Find the vector equation of the line of intersection of the three planes represented by the following system of equations.

\[2x – 7y + 5z = 1\]

\[6x + 3y – z = – 1\]

\[ – 14x – 23y + 13z = 5\]

Answer/Explanation

Markscheme

METHOD 1

(from GDC)

\(\left( {\begin{array}{*{20}{ccc|c}}
  1&0&{\frac{1}{6}}&{ – \frac{1}{{12}}} \\
  0&1&{ – \frac{2}{3}}&{ – \frac{1}{6}} \\
  0&0&0&0
\end{array}} \right)\)     (M1)

\(x + \frac{1}{6}\lambda = – \frac{1}{{12}}\)     A1

\(y – \frac{2}{3}\lambda = – \frac{1}{6}\)     A1

\(\boldsymbol{r} = \left( { – \frac{1}{{12}}\boldsymbol{i} – \frac{1}{6}\boldsymbol{j}} \right) + \lambda \left( { – \frac{1}{6}\boldsymbol{i} + \frac{2}{3}\boldsymbol{j} + \boldsymbol{k}} \right)\)     A1A1A1     N3

[6 marks] 

METHOD 2

(Elimination method either for equations or row reduction of matrix)

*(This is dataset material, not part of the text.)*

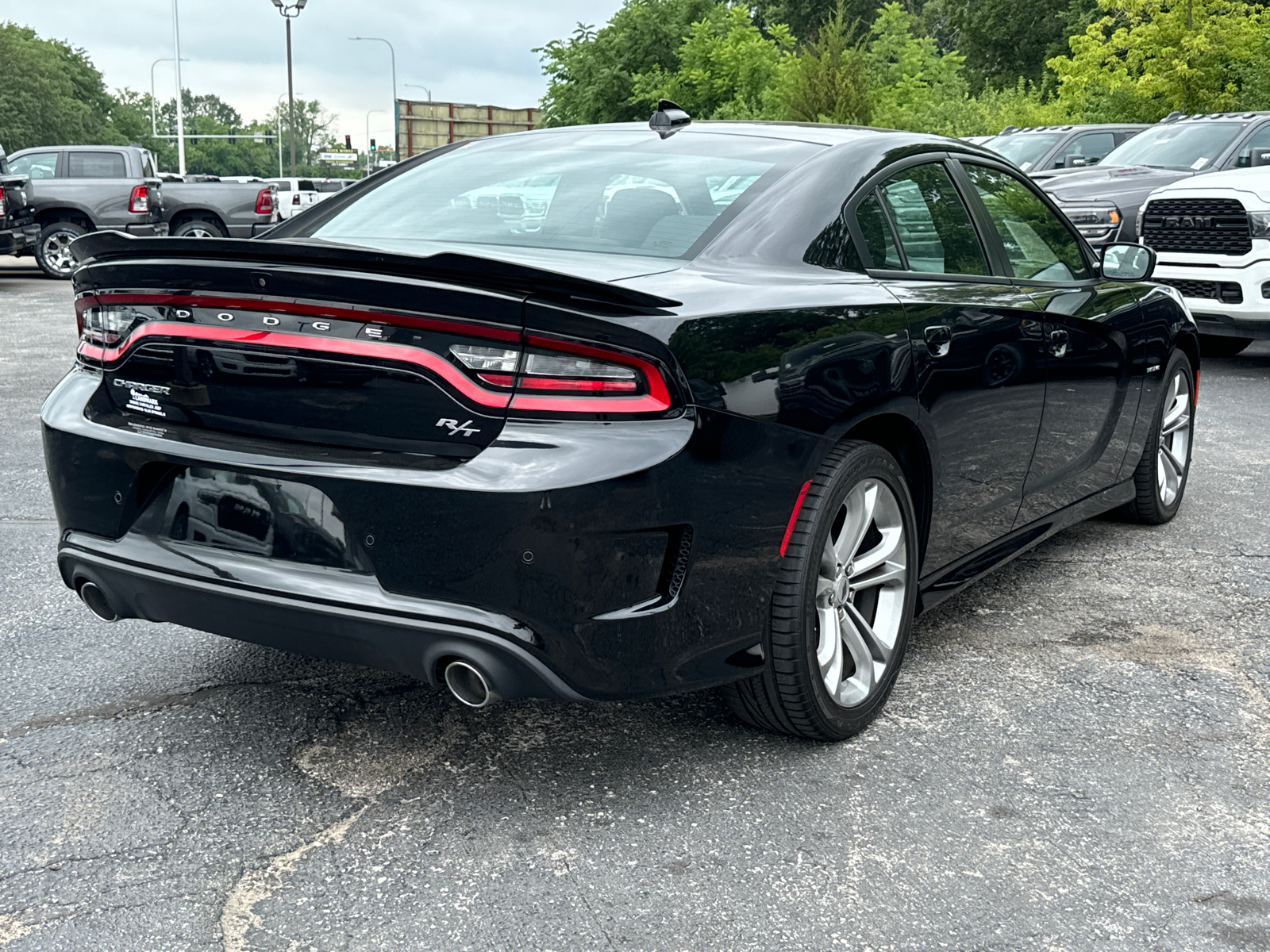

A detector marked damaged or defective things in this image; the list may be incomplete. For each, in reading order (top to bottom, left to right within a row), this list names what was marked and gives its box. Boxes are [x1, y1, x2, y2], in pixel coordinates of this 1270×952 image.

parking lot crack [219, 803, 365, 952]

Eliminating one of the variables     M1A1

Finding a point on the line     (M1)A1

Finding the direction of the line     M1

The vector equation of the line     A1     N3

[6 marks]

Examiners report

A large number of candidates did not use their GDC in this question. Some candidates who attempted analytical solutions looked for a point solution although the question specifically states that the planes intersect in a line. Other candidates eliminated one variable and then had no clear strategy for proceeding with the solution.

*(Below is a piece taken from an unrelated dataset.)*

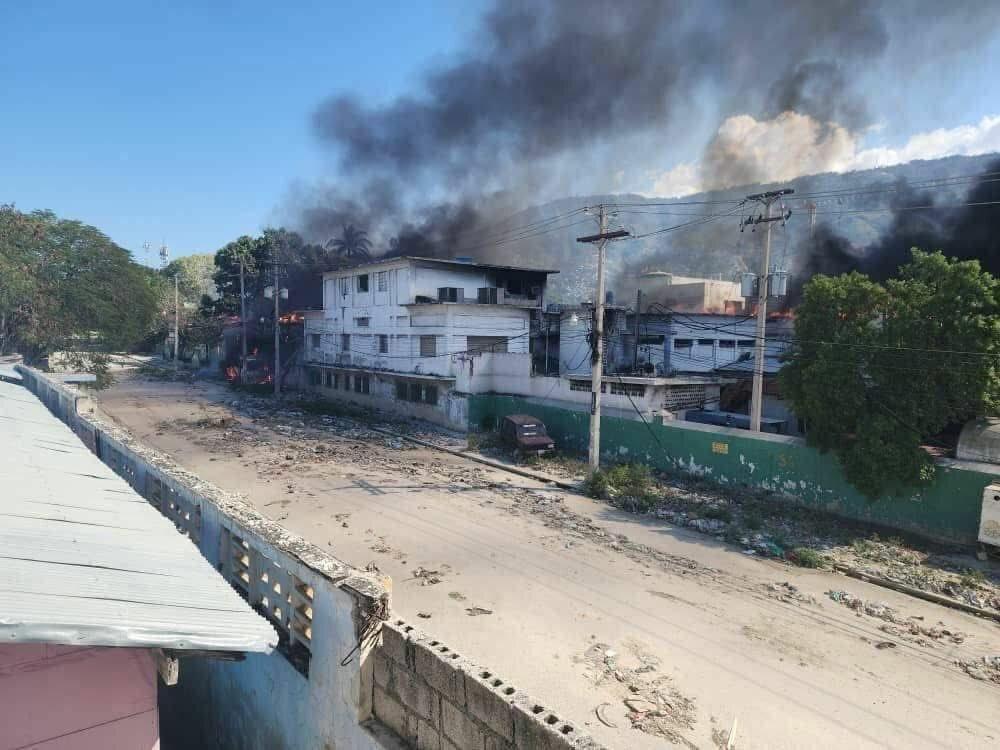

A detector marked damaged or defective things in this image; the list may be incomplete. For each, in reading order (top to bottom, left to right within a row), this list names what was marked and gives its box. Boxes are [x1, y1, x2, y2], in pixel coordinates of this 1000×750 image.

rusted metal roof [0, 378, 278, 656]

Some candidates failed to write ‘r =’, and others did not give the equation in vector form.

Question

(a)     Write the vector equations of the following lines in parametric form.

\[{r_1} = \left( {\begin{array}{*{20}{c}}
  3 \\
  2 \\
  7
\end{array}} \right) + m\left( {\begin{array}{*{20}{c}}
  2 \\
  { – 1} \\
  2
\end{array}} \right)\]

\[{r_2} = \left( {\begin{array}{*{20}{c}}
  1 \\
  4 \\
  2
\end{array}} \right) + n\left( {\begin{array}{*{20}{c}}
  4 \\
  { – 1} \\
  1
\end{array}} \right)\]

(b)     Hence show that these two lines intersect and find the point of intersection, A.

(c)     Find the Cartesian equation of the plane \(\prod \) that contains these two lines.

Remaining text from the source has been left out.